Given records Start Marker
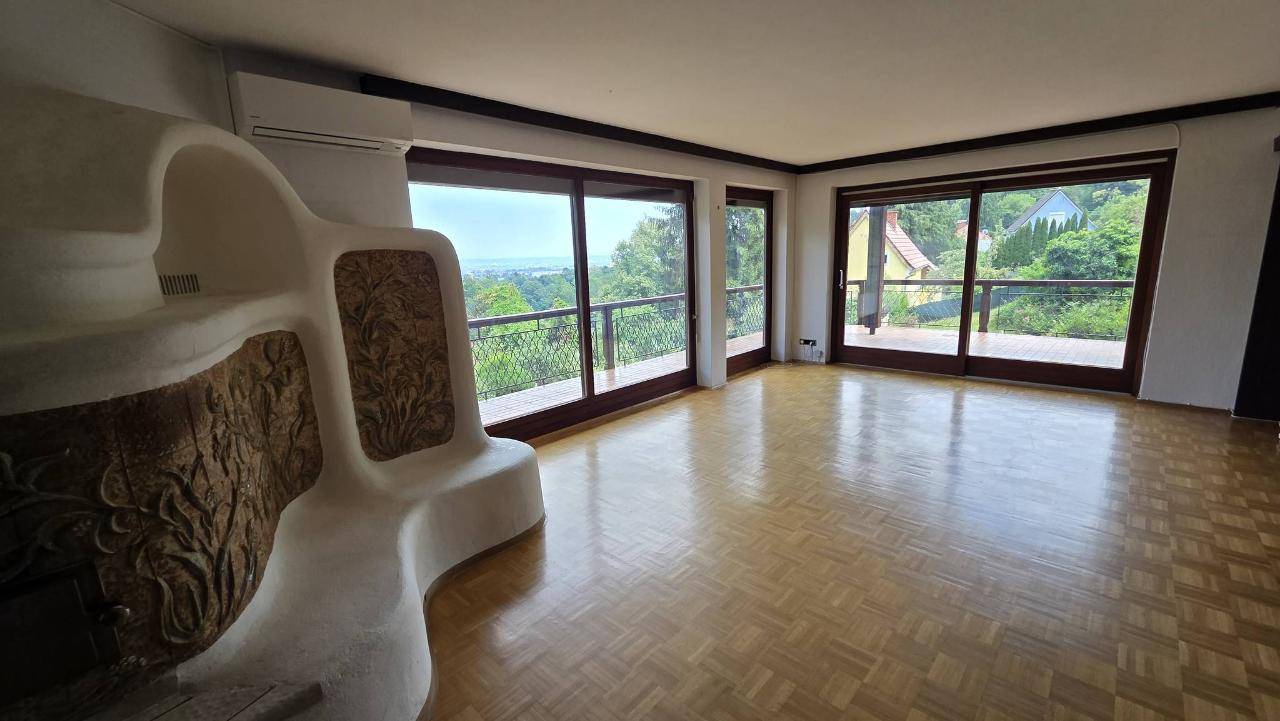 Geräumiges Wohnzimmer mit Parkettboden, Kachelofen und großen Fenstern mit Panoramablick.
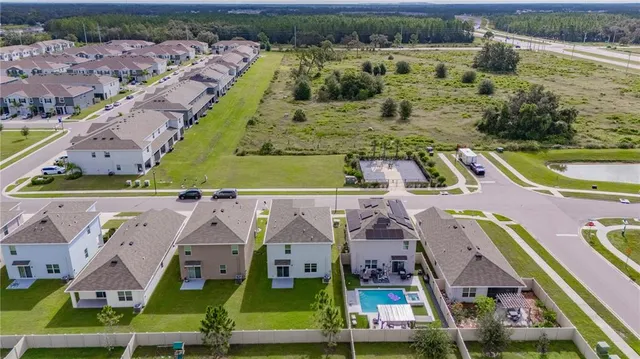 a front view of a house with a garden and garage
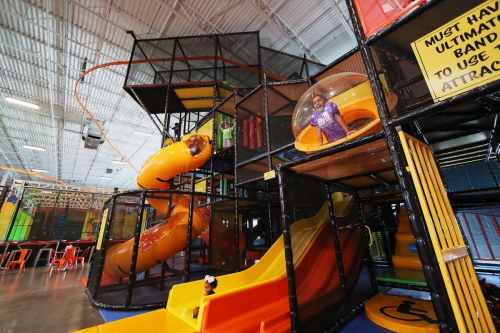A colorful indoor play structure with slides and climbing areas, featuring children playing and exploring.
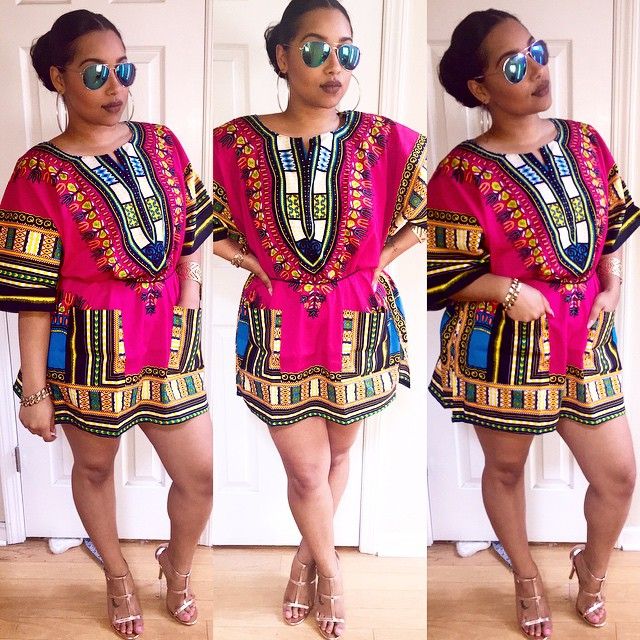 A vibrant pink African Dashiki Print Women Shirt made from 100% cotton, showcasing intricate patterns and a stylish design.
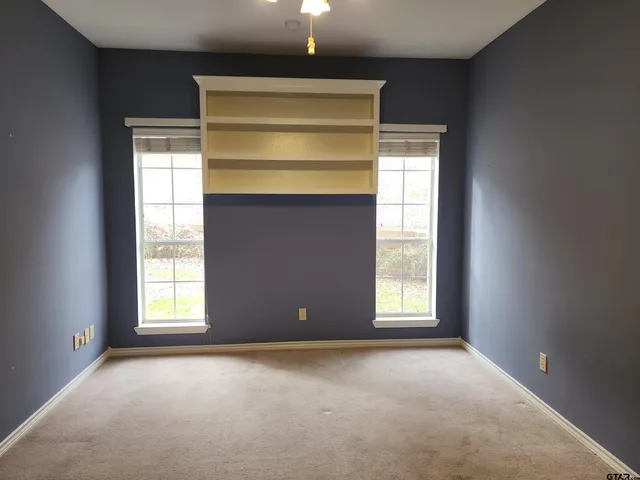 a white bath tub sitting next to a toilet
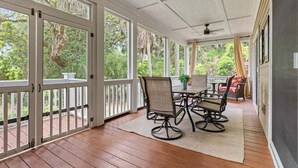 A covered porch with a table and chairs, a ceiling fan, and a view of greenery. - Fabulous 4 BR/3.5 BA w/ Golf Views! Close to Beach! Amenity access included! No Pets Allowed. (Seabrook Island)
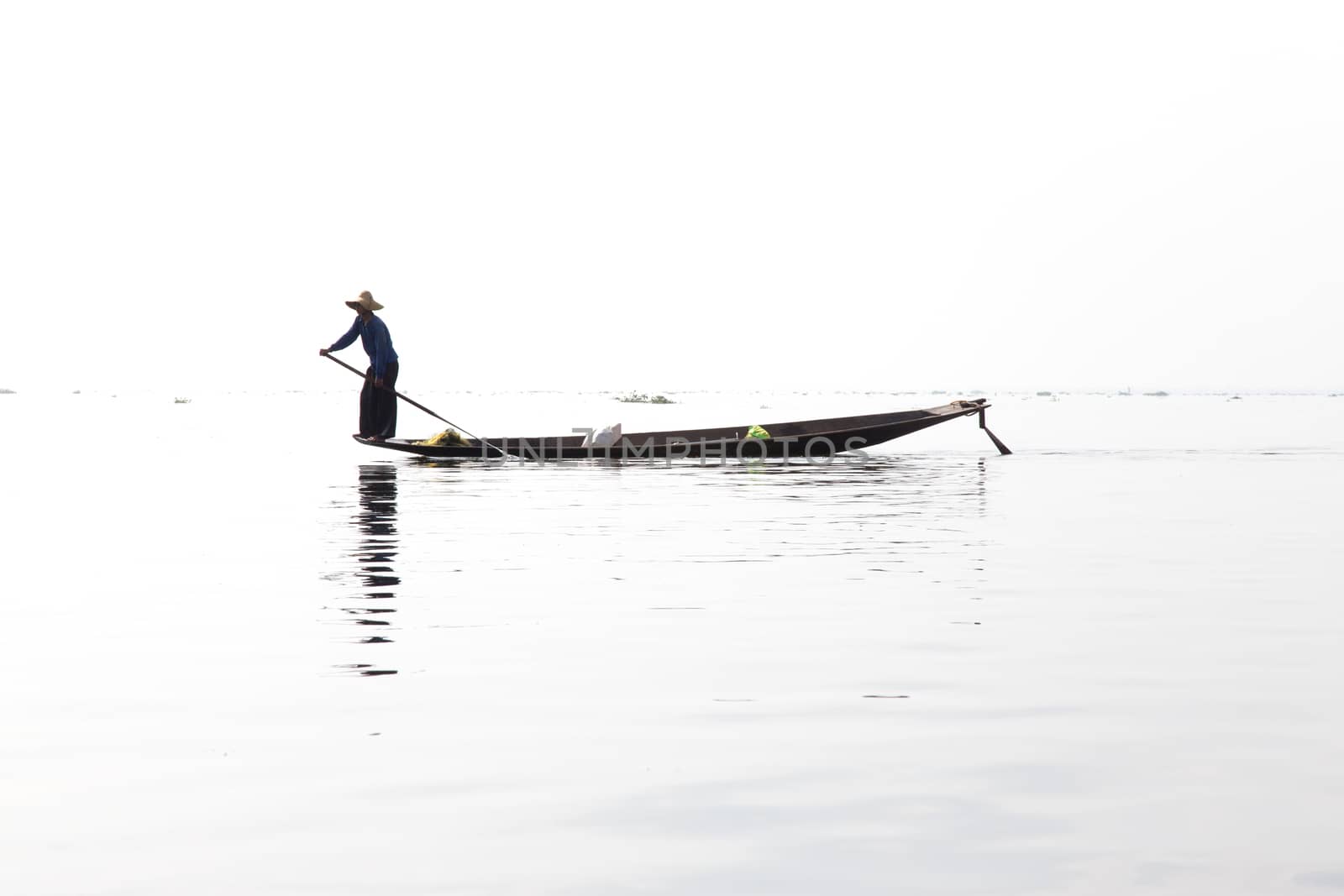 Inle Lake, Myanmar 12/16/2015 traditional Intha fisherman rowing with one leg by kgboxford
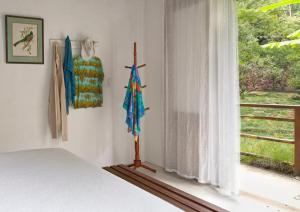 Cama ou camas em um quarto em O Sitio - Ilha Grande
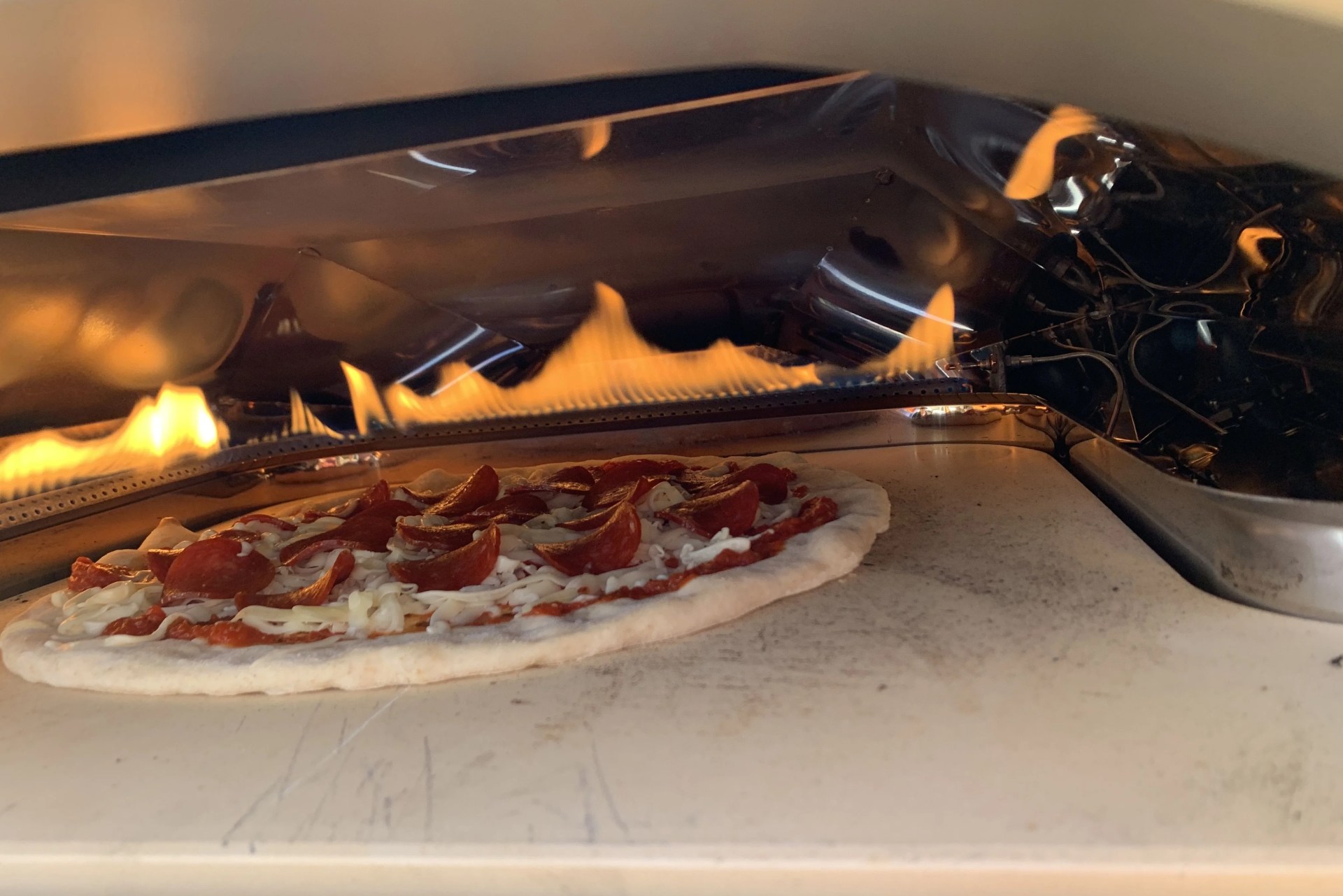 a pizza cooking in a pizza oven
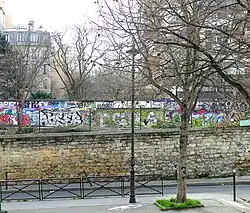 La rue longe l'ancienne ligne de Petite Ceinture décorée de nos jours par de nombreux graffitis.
Given records End Marker
Exercise directions: Beginning with the line that contains "a front view", write out every line through the last one in the records, exactly and without pictures.

Exercise answer:
 a front view of a house with a garden and garage
A colorful indoor play structure with slides and climbing areas, featuring children playing and exploring.
 A vibrant pink African Dashiki Print Women Shirt made from 100% cotton, showcasing intricate patterns and a stylish design.
 a white bath tub sitting next to a toilet
 A covered porch with a table and chairs, a ceiling fan, and a view of greenery. - Fabulous 4 BR/3.5 BA w/ Golf Views! Close to Beach! Amenity access included! No Pets Allowed. (Seabrook Island)
 Inle Lake, Myanmar 12/16/2015 traditional Intha fisherman rowing with one leg by kgboxford
 Cama ou camas em um quarto em O Sitio - Ilha Grande
 a pizza cooking in a pizza oven
 La rue longe l'ancienne ligne de Petite Ceinture décorée de nos jours par de nombreux graffitis.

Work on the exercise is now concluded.